The brain cortex is responsible for many higher-level cognitive functions. Disruptions during cortical development have long-lasting consequences on brain function and are associated with the etiology of brain disorders. We previously found that the protein tyrosine phosphatase receptor delta Ptprd, which is genetically associated with several human neurodevelopmental disorders, is essential to cortical brain development. Loss of Ptprd expression induced an aberrant increase of excitatory neurons in embryonic and neonatal mice by hyper-activating the pro-neurogenic receptors TrkB and PDGFRβ in neural precursor cells.

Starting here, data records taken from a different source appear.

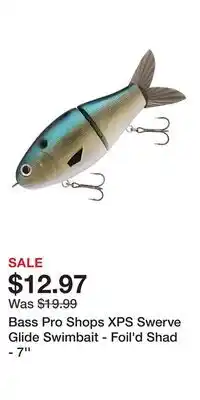 Cabela's Bass Pro Shops XPS Swerve Glide Swimbait - Foil'd Shad - 7'' offer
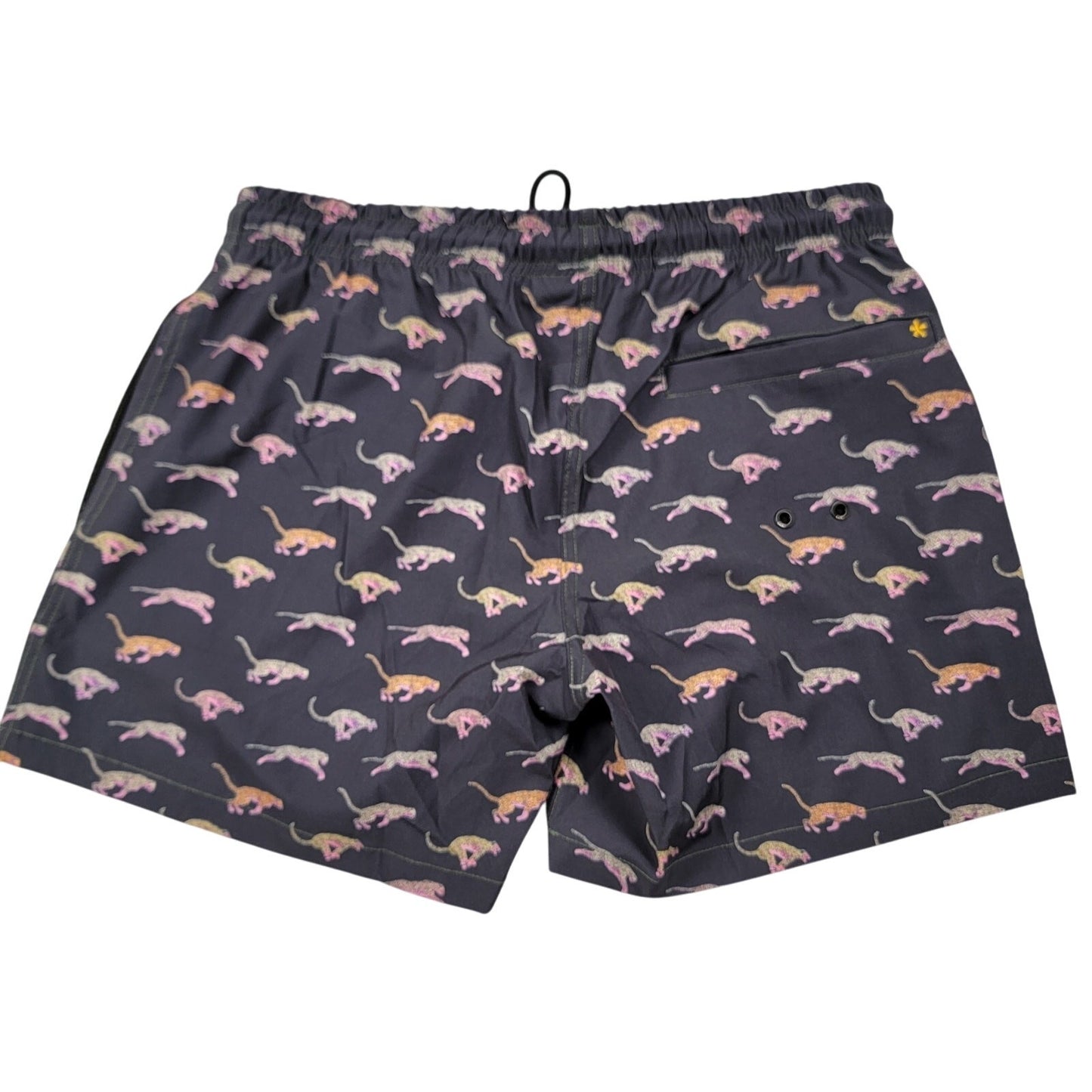 Strangers Only 225 XS Swim Trunks Shorts Multicolor Leopard Print Black NWT1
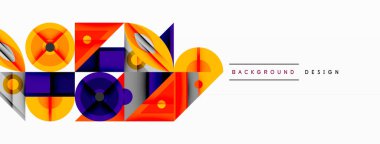 Kesişen şekiller, daireler, üçgenler ve gradyanlar ile geometrik soyut bileşim, canlı renkleri ve dinamik karşıtlıkları harmanlayarak modern, geleceksel bir görsel tasarım yaratmak için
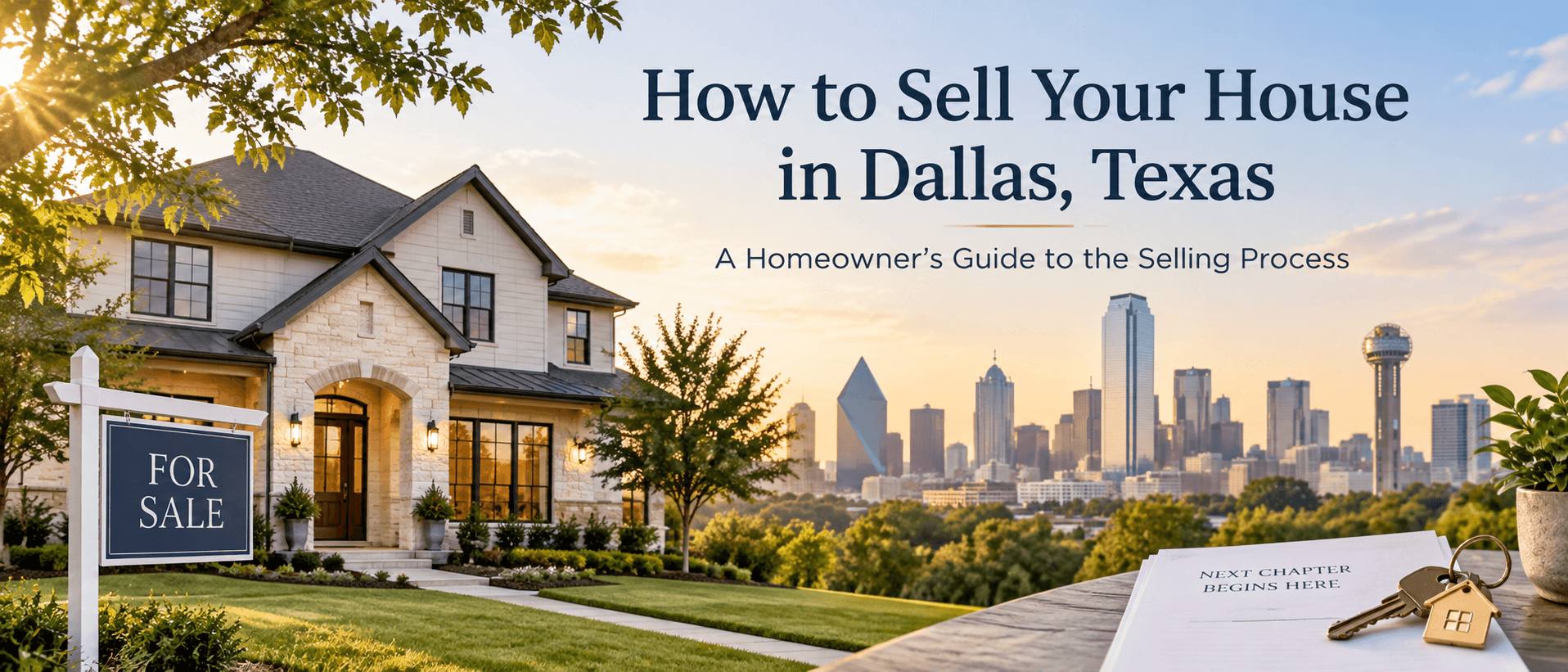 Dallas home for sale with Dallas skyline and home selling documents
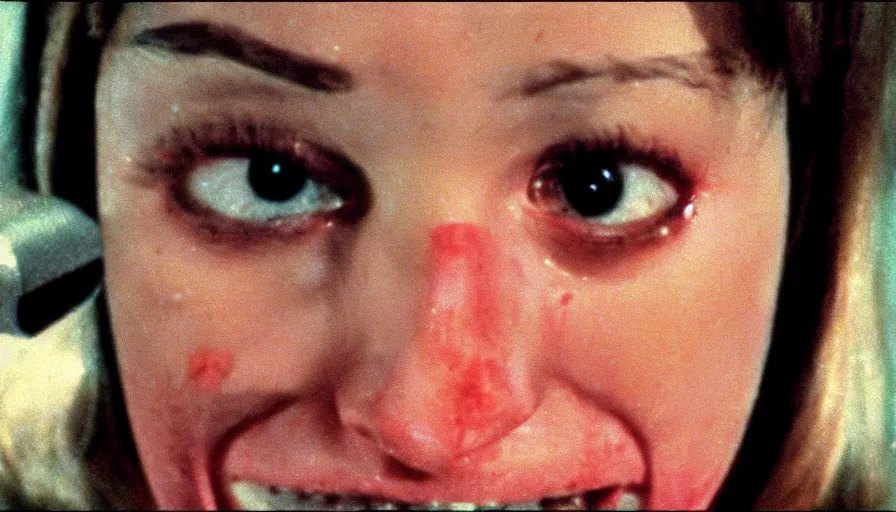 Prompt: 7 0 s film still from a horror movie of a young adult with toenails for eyelids, kodachrome, cinecolor, cinestill, photorealism, cinematic, film grain, film texture, vhs recording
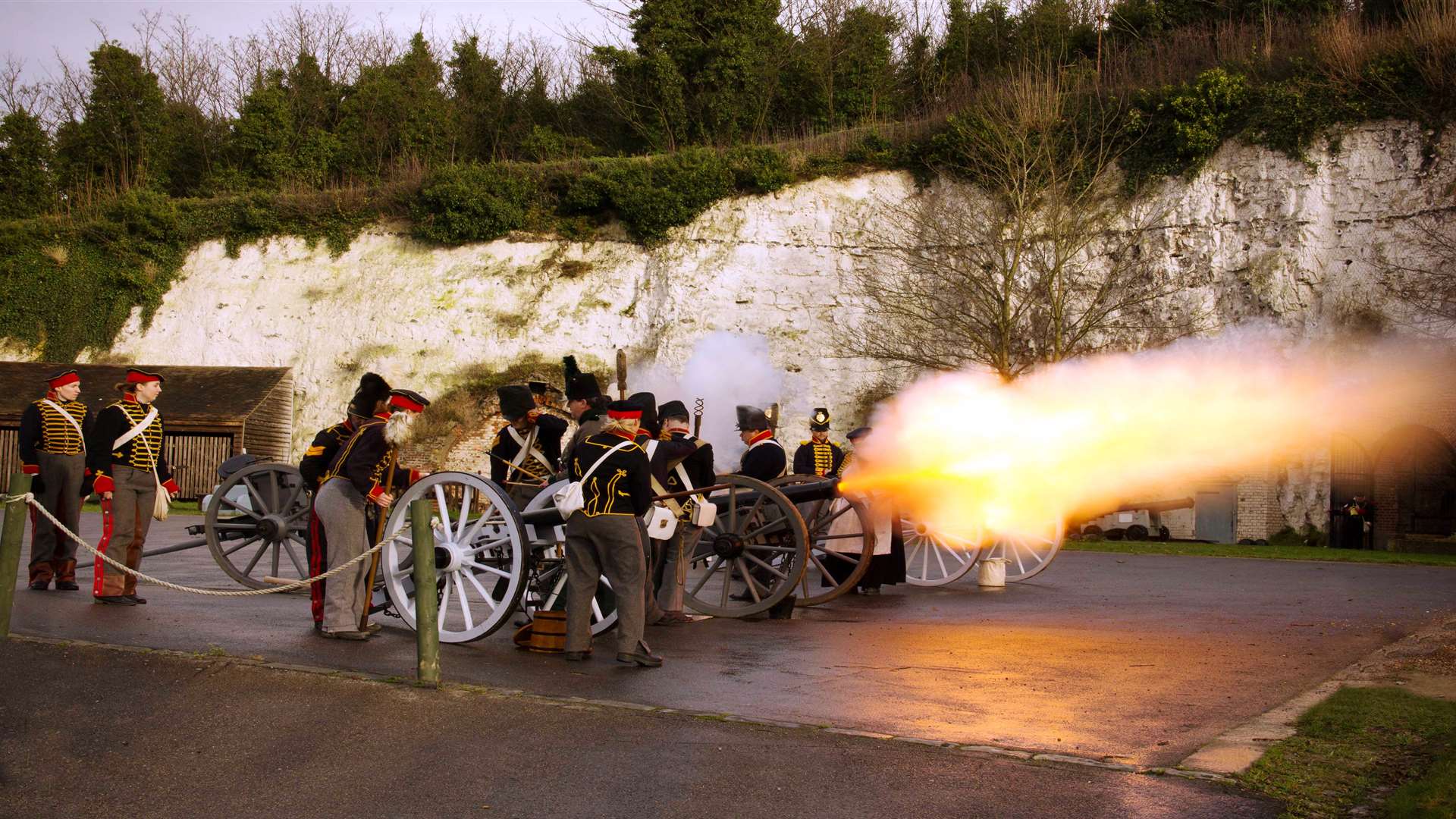 Guns and cannons were fired throughout the day. Picture: Colin Davis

However, whether these alterations have long-lasting consequences in adulthood remains unknown.

Results

Here, we found that in Ptprd+/- or Ptprd-/- mice, the developmental increase of excitatory neurons persists through adulthood, affecting excitatory synaptic function in the medial prefrontal cortex. Likewise, heterozygosity or homozygosity for Ptprd also induced an increase of inhibitory cortical GABAergic neurons and impaired inhibitory synaptic transmission. Lastly, Ptprd+/- or Ptprd-/- mice displayed autistic-like behaviors and no learning and memory impairments or anxiety.

Conclusions

These results indicate that loss of Ptprd has long-lasting effects on cortical neuron number and synaptic function that may aberrantly impact ASD-like behaviors.

Details

Title
Loss of protein tyrosine phosphatase receptor delta PTPRD increases the number of cortical neurons, impairs synaptic function and induces autistic-like behaviors in adult mice
Author
Cortés, Bastián I; Meza, Rodrigo C; Ancatén-González, Carlos; Ardiles, Nicolás M; María-Ignacia Aránguiz; Tomita, Hideaki; Kaplan, David R; Cornejo, Francisca; Nunez-Parra, Alexia; Moya, Pablo R; Chávez, Andrés E; Cancino, Gonzalo I
Pages
1-15
Section
Research article
Publication year
2024
Publication date
2024
Publisher
BioMed Central
ISSN
07169760
e-ISSN
07176287
Source type
Scholarly Journal
Language of publication
English
ProQuest document ID
3079207568
Copyright
© 2024. This work is licensed under http://creativecommons.org/licenses/by/4.0/ (the “License”). Notwithstanding the ProQuest Terms and Conditions, you may use this content in accordance with the terms of the License.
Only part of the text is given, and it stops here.